What “self-owned, brand-new” means
We run a 100% self-owned fleet. There are no reseller nodes, no sublet inventory, and no marketplace risk. Hardware is brand-new, sourced directly through verified channels, with unified firmware and power profiles for consistent performance. This results in predictable behavior, clean provenance, and tight control over failure domains.
Key points
- No outsourcing or reseller nodes. Capacity and SLAs are our responsibility end-to-end.
- Not a marketplace. Unified firmware & power profiles keep performance consistent across the fleet.

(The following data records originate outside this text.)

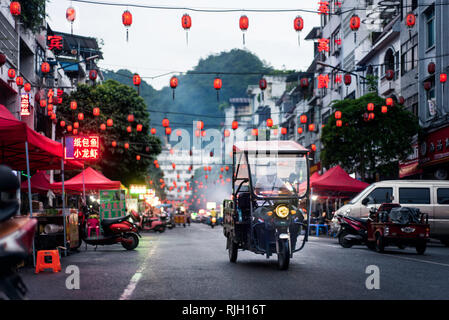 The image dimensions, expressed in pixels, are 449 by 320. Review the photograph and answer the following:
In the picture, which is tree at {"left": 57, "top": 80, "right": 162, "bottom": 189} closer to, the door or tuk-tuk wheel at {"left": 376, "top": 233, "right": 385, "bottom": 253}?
the door

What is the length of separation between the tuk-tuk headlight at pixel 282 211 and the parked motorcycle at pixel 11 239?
23.1 ft

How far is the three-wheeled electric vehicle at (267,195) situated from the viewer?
1217 cm

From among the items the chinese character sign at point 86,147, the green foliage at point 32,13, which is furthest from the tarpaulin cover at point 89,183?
the green foliage at point 32,13

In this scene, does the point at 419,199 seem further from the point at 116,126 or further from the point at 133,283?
the point at 116,126

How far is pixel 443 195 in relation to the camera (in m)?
22.2

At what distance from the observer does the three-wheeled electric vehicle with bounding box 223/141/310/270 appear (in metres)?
12.2

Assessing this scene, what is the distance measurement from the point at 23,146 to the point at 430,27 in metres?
23.5

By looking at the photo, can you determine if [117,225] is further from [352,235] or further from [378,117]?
[378,117]

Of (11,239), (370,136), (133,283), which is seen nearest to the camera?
(11,239)

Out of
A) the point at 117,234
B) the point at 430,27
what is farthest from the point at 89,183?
the point at 430,27

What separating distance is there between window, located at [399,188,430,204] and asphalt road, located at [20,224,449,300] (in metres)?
7.84

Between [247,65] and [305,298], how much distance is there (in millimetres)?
145025

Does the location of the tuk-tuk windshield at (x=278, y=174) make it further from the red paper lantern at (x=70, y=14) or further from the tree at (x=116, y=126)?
the tree at (x=116, y=126) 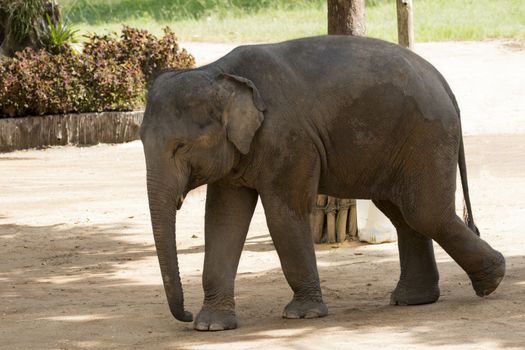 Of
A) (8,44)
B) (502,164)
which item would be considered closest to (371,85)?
(502,164)

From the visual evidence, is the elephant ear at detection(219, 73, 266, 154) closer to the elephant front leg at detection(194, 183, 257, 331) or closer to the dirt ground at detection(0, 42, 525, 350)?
the elephant front leg at detection(194, 183, 257, 331)

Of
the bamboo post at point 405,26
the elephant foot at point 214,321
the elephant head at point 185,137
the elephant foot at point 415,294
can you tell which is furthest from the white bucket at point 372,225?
the elephant head at point 185,137

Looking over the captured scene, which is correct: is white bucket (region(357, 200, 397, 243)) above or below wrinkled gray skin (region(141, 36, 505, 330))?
below

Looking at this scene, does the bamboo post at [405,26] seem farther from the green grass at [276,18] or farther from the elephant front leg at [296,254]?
the green grass at [276,18]

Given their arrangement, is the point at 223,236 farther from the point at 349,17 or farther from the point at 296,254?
the point at 349,17

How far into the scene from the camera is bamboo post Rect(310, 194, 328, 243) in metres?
10.6

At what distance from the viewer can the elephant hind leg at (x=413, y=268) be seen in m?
8.04

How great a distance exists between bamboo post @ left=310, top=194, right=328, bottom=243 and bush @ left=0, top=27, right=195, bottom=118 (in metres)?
7.99

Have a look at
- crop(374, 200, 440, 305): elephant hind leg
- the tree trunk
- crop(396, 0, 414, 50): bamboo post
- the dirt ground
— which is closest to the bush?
the dirt ground

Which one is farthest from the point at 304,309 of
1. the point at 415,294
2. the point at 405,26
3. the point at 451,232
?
the point at 405,26

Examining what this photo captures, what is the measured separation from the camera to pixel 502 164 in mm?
14648

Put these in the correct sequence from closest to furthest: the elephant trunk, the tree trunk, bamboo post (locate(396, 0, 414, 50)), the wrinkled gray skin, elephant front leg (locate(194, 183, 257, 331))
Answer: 1. the elephant trunk
2. the wrinkled gray skin
3. elephant front leg (locate(194, 183, 257, 331))
4. the tree trunk
5. bamboo post (locate(396, 0, 414, 50))

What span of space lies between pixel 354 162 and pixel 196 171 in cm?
99

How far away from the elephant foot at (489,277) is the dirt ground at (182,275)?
0.08m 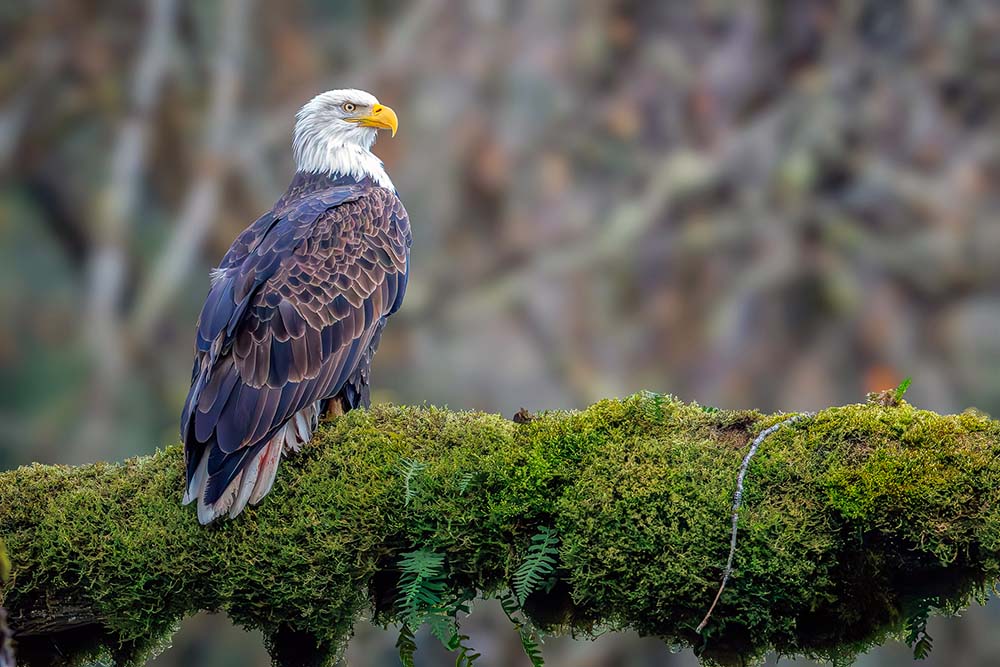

- Burn-in tests. New hosts pass thermal, memory, and sustained-load checks for predictable behavior under real workloads.
Why it matters
Consistency & repeatability
Identical firmware baselines and power/thermal policies reduce run-to-run variance. Training and rendering jobs behave the same across equivalent SKUs, simplifying capacity planning and reproducibility.
Predictable capacity
Because inventory is self-owned, we can plan upgrades, retirements, and spares deliberately—instead of chasing ephemeral marketplace supply. That translates to steadier queues and faster recovery.
Controlled blast radius
Hardware cohorts are segmented by SKU and rack domains. When something fails, isolation and documented swap procedures keep impact bounded and recovery time short.
Procurement & lifecycle
New batches arrive with vendor diagnostics, then enter our burn-in lab for sustained-load and thermal characterization. We document power curves per chassis, validate firmware, and enroll the hosts into inventory with labeled cohorts for scheduling and maintenance windows.
Burn-in & validation
- Thermals: sustained load at target ambient; throttle/derate checks.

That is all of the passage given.